Multidimensional Scaling

Complete implementation of non-metric multidimensional scaling. STATISTICA expects as input a similarity (e.g., correlation) or dissimilarity matrix.

Element Name Description
General
Detail of computed results reported Specifies the detail of computed results reported. If Minimal detail is requested, STATISTICA will report the final solution (configuration), plots of the final solution, and the Shepard diagram; if All results is requested, STATISTICA will report various other statistics, including the input (distance) matrix.
Number of dimensions Specifies the number of dimensions for the multidimensional scaling analysis.
Epsilon Specifies parameter Epsilon as the smallest distance that is to be considered important or significant by the program. All distances that are less than Epsilon will be considered to be 0 (zero) by the program. The smaller this value, the more iterations will be performed and the more precise is the solution. Change this value only if the iterative fitting procedure cannot converge (i.e., produce a solution) even after very many iterations.

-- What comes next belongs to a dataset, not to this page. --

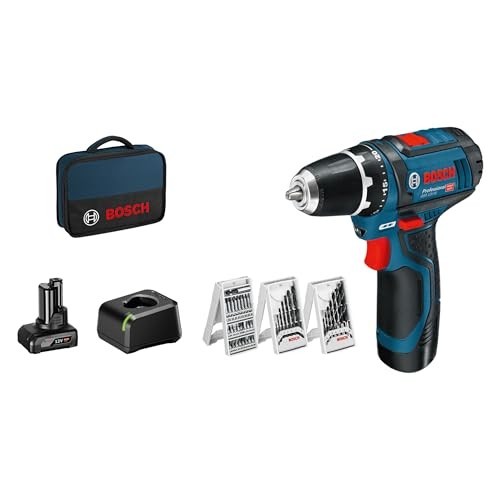 Bosch professional gsr - professional,
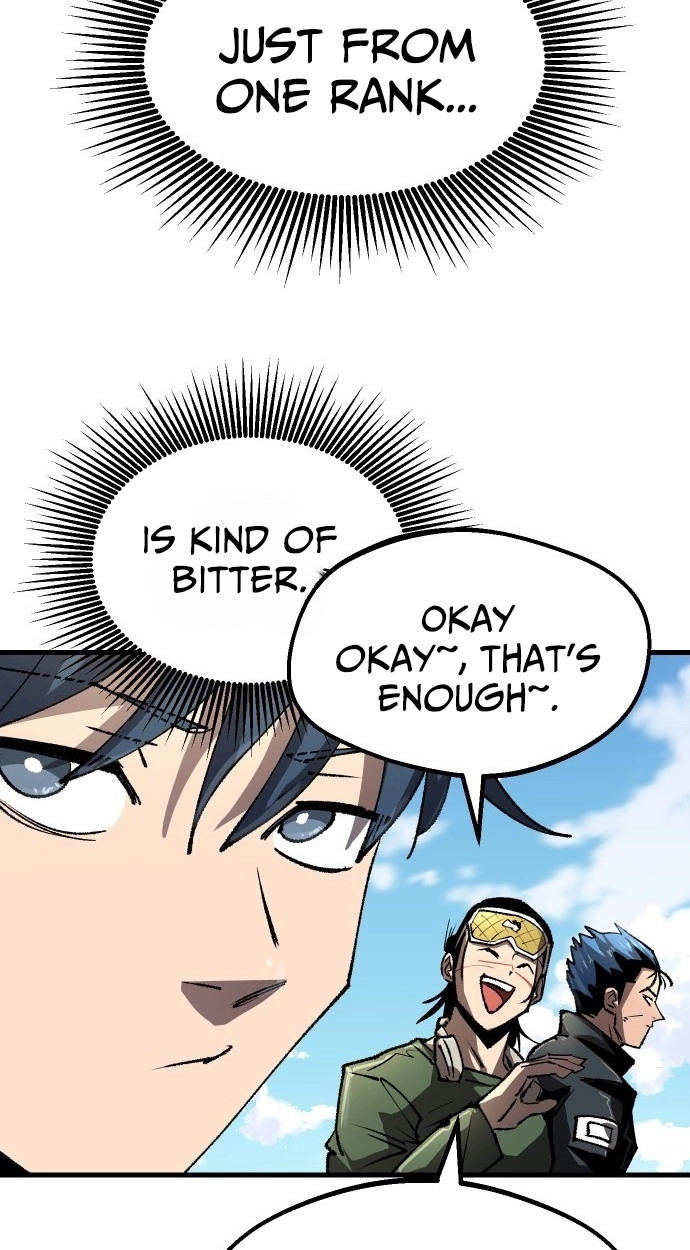 Island of Stars and Chains Chapter 56 page 61 -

Min. number of iterations Specifies the minimum number of iterations that are to be performed during the iterative fitting procedure. The minimum number of iterations is 6.
Max. number of iterations. Specifies the maximum number of iterations to be performed during the iterative fitting process.
Distance measure For raw data (non-matrix) input, specify the distance measure to compute; Multidimensional Scaling expects as input a matrix of similarities or dissimilarities (distance). When the input data do not specify a matrix file, i.e., are raw data, then you can select one of these distance measures to use as input into the analyses.